For only his second studio film—Bogdanovich made the excellent, but little seen, Targets, in 1968—the former film critic chanced directing an adaptation of Larry McMurtry’s elegiac novel about teenagers who come of age in a dying Texas town in the early fifties. It was such an unlikely project for a successful movie that it took first-time producer Stephen J. Friedman two years to get financing, with tiny BBS Productions taking the gamble. Bogdanovich himself was in a gambling mood, eschewing stars for charismatic young newcomers Timothy Bottoms, Jeff Bridges, Randy Quaid, and his discovery, Cybill Shepherd, and marvelous character actors, Ben Johnson, Cloris Leachman, Clu Gulager, Eileen Brennan, and Ellen Burstyn. Even more daring was his decision to make the film in black-and-white. Bogdanovich’s choices paid off. The unknown cast turned in exceptional individual performances and worked brilliantly as an ensemble: Bottoms, Bridges, and Shepherd quickly became stars, Johnson and Leachman won Best Supporting Actor and Actress Oscars, and Burstyn was voted Best Supporting Actress by the New York Film Critics, paving her way to stardom.

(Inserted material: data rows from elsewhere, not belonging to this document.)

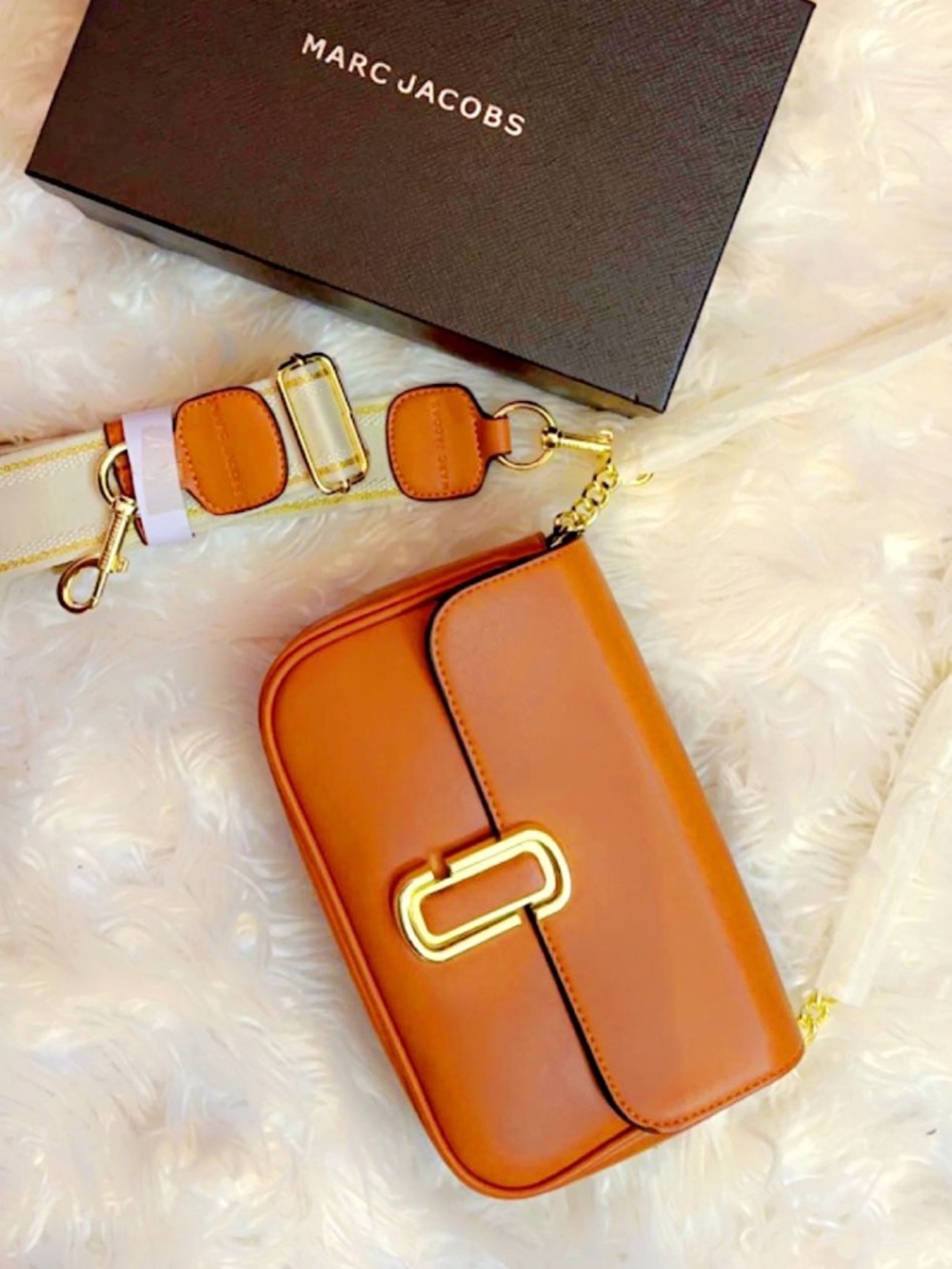 Marc Jacobs Cognac Leather Shoulder Crossbody with Gold Hardware
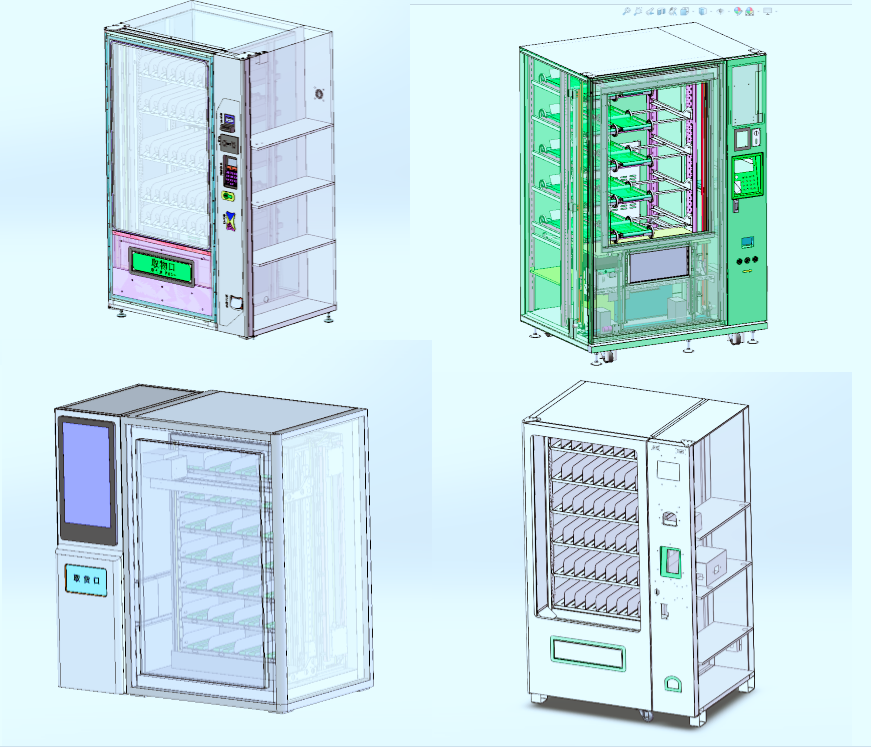 8款自动售货机3D图纸模型贩卖机智能售卖机三维机械图纸设计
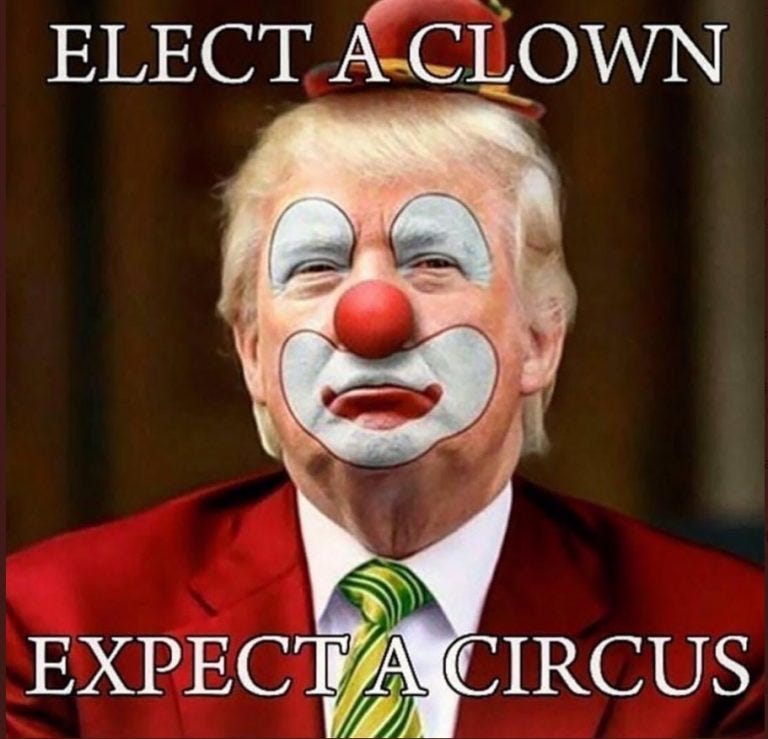 PHOTO Donald Trump With Perfect Clown Face Elect A Clown Expect A ...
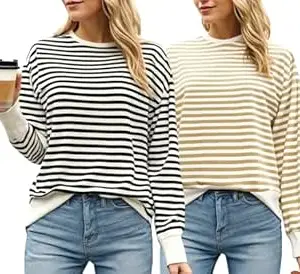 Mack Jonney VIMAL JONNEY Women Striped T-Shirt || T-Shirt for Women || Full Sleeve T Shirt || T-Shirt-VIMAL640620
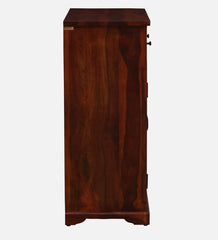Sheesham Wood Cabinet In Scratch Resistant Honey Oak Finish With Brass Cladding Sheesham Wood Cabinet In Scratch Resistant Honey Oak Finish With Brass Cladding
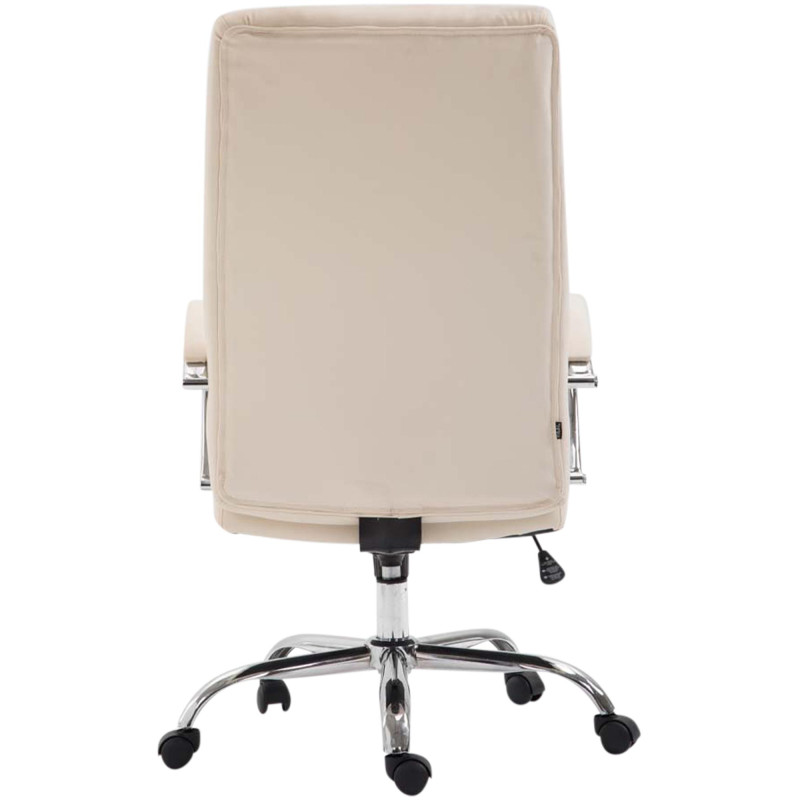 Fauteuil de bureau Valais en cuir artificiel crème
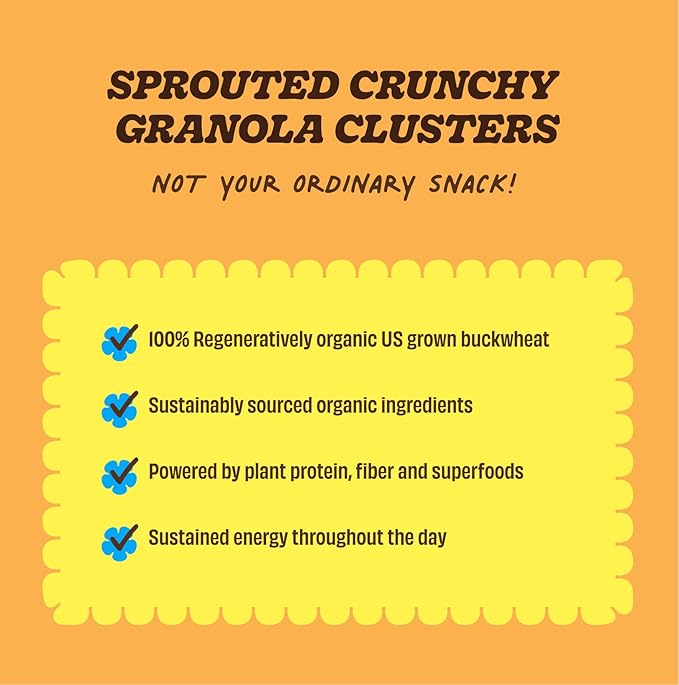 Clusterbucks Superfood Clusters – Grain-Free, Keto-Friendly Granola with Regeneratively Grown Sprouted Buckwheat– Gluten-Free, Low-Carb, Organic Healthy Snack (6 Ounce (Pack of 6), Variety #2)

Appreciative audiences and critics thought it most appropriate that a dying art form should be used to visualize a dying town, a dying era, and a dying way of life. Bogdanovich: “I saw the story as a Texas version of Orson Welles’ The Magnificent Ambersons, which was about the end of a way of life caused by the coming of the automobile. This was about the end of a way of life caused by the coming of television.”

Even at the film’s beginning, Anarene, Texas (filming actually took place in Archer City) is already much like a ghost town or graveyard, with constant wind and dust swirling on the empty streets and into the nearly empty small business establishments. Ultimately the only movie house in town will close down (after showing Red River)—all movie fans will share the sense of loss felt by long-time customers Bottoms and Bridges—and the film’s oldest and youngest characters will be dead. Indeed, the decline of the town, which Bogdanovich effectively uses as one of his central characters, is emblematic of the personal declines, deaths, and departures of its populace. Our pivotal teenager characters, the sensitive Bottoms, best friend Bridges, and rich-bitch Shepherd, who comes between the boys for a time, may each lose their virginity, but they are so unfulfilled and confused that their rites of passage signal more the death of youth and innocence than a new-born maturity. Growing up doesn’t seem like such a good prospect to these teenagers when all the adults in town are miserable. Pauline Kael affectionately wrote: “Concerned with adolescent experience seen in terms of flatlands anomie—loneliness, ignorance about sex, confusion about one’s aims in life—the movie has a basic decency of feeling, with people relating to one another, sometimes on very simple levels, and becoming miserable when they can’t relate.”

With a script by Bogdanovich and McMurtry that won the New York Film Critics award, The Last Picture Show is a strange cross between Hud (based on McMurtry’s Horseman, Pass By) and Peyton Place. The intertwining relationships, friction between youths and adults, impulsive actions, confused teenagers, manipulative females, feuds, scandals, affairs, first-time and other sneaky sex make it ideal material for an adult soap. Interestingly, a less sensitive director than Bogdanovich could have made an exploitation film using the same script. But it wasn’t his intention to dwell on the sordid goings-on in Anarene, though he’ll let us eagerly follow Shepherd into a motel room with Bridges and to a nude swimming pool party. He was more interested in creating an authentic small-town Texas milieu, by paying special attention to the decor of the various establishments: the country music that constantly plays on the radio, and the manners, quirks, dress and hairstyles of his characters. You really believe that the people who populate the screen have lived in Anarene all their lives. Bogdanovich was equally successful at establishing fascinating relationships between various troubled characters, male and female, young and old. I think that the “romance” between Bottoms and the older, unhappily married Leachman, who gives an astonishing performance, is unlike anything else in cinema.

It’s true that much of Bogdanovich’s subject matter is depressing. Yet with Hank Williams on the soundtrack, exciting talent playing real characters up on the screen, unexpected humor, and Robert Surtees’ lovely black-and-white cinematography sending us back in time, we hardly notice.